2.3 GraalVM and Truffle

Our modified version of Spark relies on Truffle and on the GraalVM runtime. Graal [7] is a state-of-the-art JIT compiler for the JVM, written in Java and focused on performance and language interoperability. Graal implements several optimizations such as method inlining, eliding object allocations, and speculative execution, and can apply them to dynamically typed languages developed with the Truffle [25] language development framework. The GraalVM comes with support for multiple Truffle-enabled languages:

  1. *

    Graal.js: a JavaScript runtime supporting Node.js applications

  2. *

    FastR: a fast JIT compiler-enabled R language runtime

  3. *

    RubyTruffle: a Ruby language runtime

  4. *

    ZypPy: a Python language runtime

Truffle is a language implementation framework that relies on the notion of self-optimizing Abstract Syntax Tree (AST) interpreters [25]. A Truffle language is defined in terms of AST nodes corresponding to the constructs available in the language. A notable characteristic of such nodes is that they use the information gathered during their execution to specialize (i.e., to rewrite themselves) for the types observed at runtime. In this way, when running with GraalVM, a Truffle AST can be compiled to efficient machine code via partial evaluation [25].

3 TruffleSpark

TruffleSpark is our modified version of Spark that supports Truffle-based languages. In this section we provide an overview of its architecture and of its main components, that is, guest function wrappers and the mechanism for data-type conversions between different language runtimes. TruffleSpark enables the lightweight embedding of dynamically typed guest languages (e.g., Python) in applications developed using the Spark standard API (based on Scala or Java). TruffleSpark extends Spark with the following two main capabilities:

  1. *

    New Python and R RDD Bindings. The two dynamic languages are integrated in the Spark runtime at the level of the JVM, that is, without requiring the integration of external language runtimes. As a consequence, TruffleSpark does not need to execute Python or R code in independent processes, and can execute the entire analysis in the same JVM process. This brings notable advantages (in terms of performance), as the overhead due to inter-process communication is substantially reduced. Moreover, this enables the JVM to perform optimizations (e.g., JIT compilation) of Python code together with the Spark runtime code. Finally, this approach has notable advantages in terms of resource utilization, as Java threads are used instead of more heavyweight processes.

  2. *

    Language Interoperability. Since the Truffle framework and the GraalVM support several languages, our integration allows one to combine multiple of them in Spark in the same application, allowing developers to share the infrastructure code and classes necessary to execute analyses that combine multiple language runtimes.

The embedding of guest language functions in the runtime is achieved by means of function wrappers (called also wrappers in the shorthand form); these wrappers provide the functionality for parsing and compiling the Python or R functions (by interacting with the GraalVM), as well as for invoking them once parsed.
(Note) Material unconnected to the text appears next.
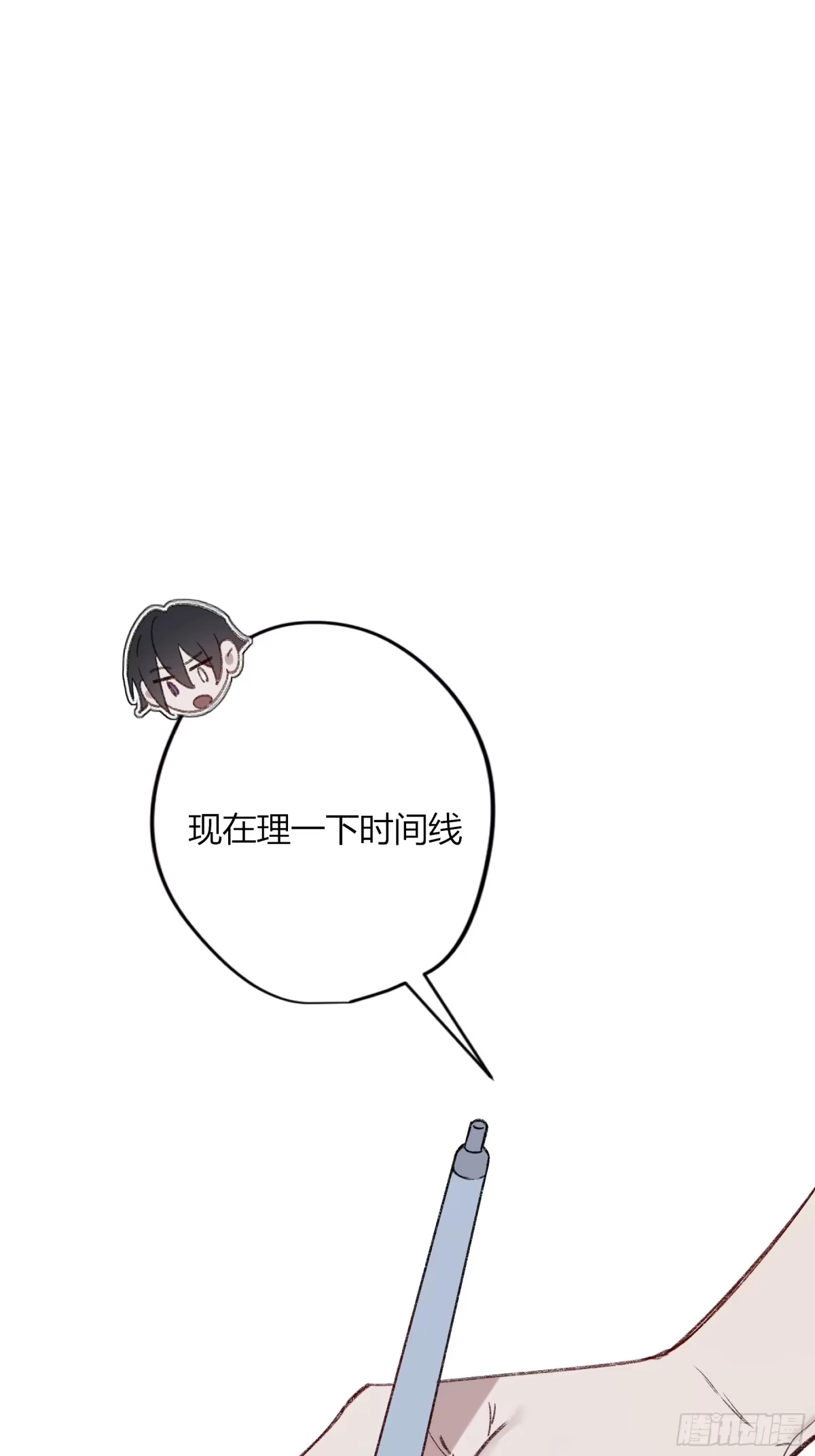 《恶婴》第61话-可怜 第48页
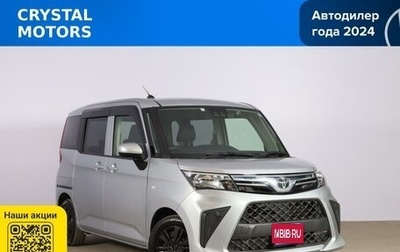 Toyota Roomy I, 2021 год, 1 029 000 рублей, 1 фотография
Since wrappers are Java objects, they can be optimized together with the Spark runtime and the function they wrap by the JVM’s JIT compiler. Being able to execute Python or R code is a necessary but not sufficient condition for integrating foreign languages in Spark. As the dynamically typed language runtime is hosted on the same JVM where Spark runs, it is possible to directly exchange object references between it and the Spark runtime. Exchanged objects, however, have different data type representations and APIs (e.g., when accessed from Python or Java). To support operating on data types belonging to different language runtimes, we provide object adapters (called also adapters) for each of such objects. In this way, data structures that offer the API enforced by the host language (i.e., Scala or Java) are backed by the original guest object (e.g., in Python). The same approach is used also for objects that are passed from Spark to the dynamic language runtime, with different adapters enclosing a Java object while offering the API expected from, e.g., a Python object. This approach avoids deep copying of the objects exchanged between language runtimes, and greatly reduces overhead.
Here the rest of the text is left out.